でもある日、やってみたいという衝動と好奇心を抑えることができず、持ち主はついにワカモレ豆腐にチャレンジしました!
まず、絹豆腐をペースト状にし、そこにワカモレの素とレモンをちょっ足してよく混ぜます。
味がこなれるようにしばらくおきます。
食べます。
これが!美味しかったのです。
豆腐っぽさはほとんどなくなり、メキシカンが際立ったペーストになりました。
持ち主はそのまま食べましたが、なにかにつけてたべてもよさそうです。
その日は、久しぶりに会うお友達と、ホテルの中華アフタヌーンティーでちょっと贅沢をすることになっていました。
チャイニーズティと飲茶類が10種類ほどついたコース。お味は決して悪くありませんでした。
ただ、サービスがなんだかいまひとつなのに、お高いお値段にふたりとも少々納得がいかなかたようです。
そんななか、ふたりは夕飯の相談を始めました。
夕飯、どうしようか。
う〜ん。なんかイマイチだったよね、今日。せっかくの中華が。
そうだね。やっぱりアフタヌーンとかダメだねぇ。洒落てるだけで。
じゃぁさ、仕切り直しで中華、行く?
と、いうわけで、中華の後に中華に行きました。
後半の中華には、ふたりとも大満足でした。
お友達とお買い物を楽しみ、気持ち良く帰宅したぼくの持ち主。
換気しようと窓を開けた瞬間、ギャーッて叫んで窓を閉めました。
なぜってそこには、超巨大なあいつがいたんです!
そうです。持ち主の大嫌いなGです。
網戸と窓ガラスに挟まれたあいつは、困ったように触覚を動かしています。体長は約3センチ。大きいです。
煌々とした光の中、上下左右にせわしなく動く大嫌いなあいつを、持ち主は見せつけられています。

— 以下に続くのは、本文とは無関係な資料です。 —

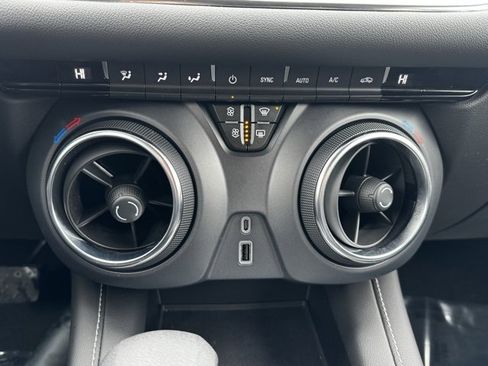 Certified 2023 Chevrolet Blazer LT w/ Driver Confidence Package image 18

でも、このままだとあいつはずっとあそこにいるのでしょうか?それとも隙間から逃げるのでしょうか?
とりあえず持ち主は、朝になったらまた考えようとカーテンを引きました。
翌朝、恐る恐るカーテンを開けて窓に近寄ると、なんとあいつはいませんでした。どうやら、網戸のちいさな隙間から逃げ出したようです。
持ち主はホッとしましたが、次の瞬間思いました。
あんな隙間から入ったり出たりできるんだから、部屋の中には簡単に入れるんだ。
そして、背筋がぞ〜っとしました。
こうして持ち主は、薬局に出かけてあいつホイホイを購入したのでした。